Afinal, como conhecer (a cidade, a verdade, a coisa em si) se não pelo relato? Como conhecer-me, sem a mediação do outro? Como o império de Kublai, o ser de cada um só se manifesta para ele mesmo “por meio de olhos e ouvidos estrangeiros”.



E nessa narrativa viva e concreta que é a cidade dos homens, nesse diálogo multitudinário que ela contém, onde se situa a verdade? Alguém vê de fato a cidade real? Ou a cidade real é a cidade de Deus, subentendida e modelar, um desenho invisível no céu como o projeto da cidade Eudóxia? No eterno devir da cidade que nunca está pronta, existe mesmo uma cidade para ver, ou só um perpétuo fazer que nunca fica feito? No diálogo entre os estrangeiros, onde cada qual é o único falante da sua língua particular, a verdade é “o espaço que resta em torno deles, um vazio não preenchido por palavras”, é o resíduo de “frases e atos talvez apenas pensados”

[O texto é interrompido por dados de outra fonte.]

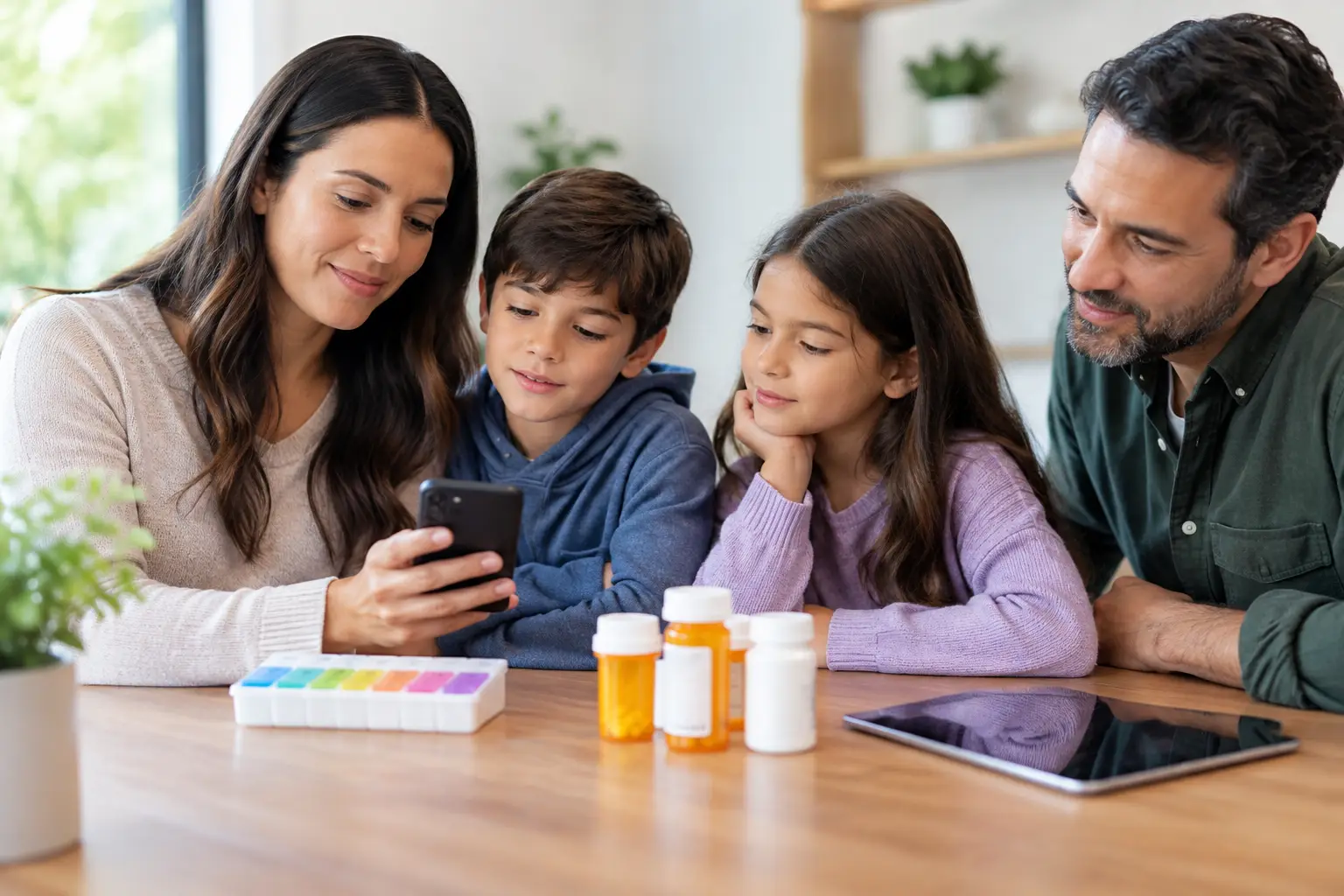 Medication Tracking Comparison for Families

“enquanto os dois, silenciosos e imóveis, observavam a lenta ascensão da fumaça de seus cachimbos. A nuvem ora se dissolvia num fio de vento ora restava suspensa no ar; e a resposta estava naquela nuvem”


A cidade real, a verdade, é como a cidade de Bauci, na qual o viajante, depois da longa jornada, entra “sem perceber que já chegou”. Ou como Fílide, que é invisível para quem a procura, e só pode ser flagrada de relance, de surpresa. Ou, finalmente, como o arco de pedra que sustenta a ponte, que não é sustentada por nenhuma das pedras em particular, só pelo arco imaginário. Assim, toda cidade é invisível, porque nenhum olhar pode totalizá-la, apreendê-la em síntese, no seu significado, no seu sentido.



A cidade dos homens, como toda obra de homem, é como a cidade de Zobeide, uma coleção de armadilhas feitas para capturar algo que só existe no sonho. É metáfora de todo esforço humano, que é um empenho para ultrapassar a incontornável condenação ao nada.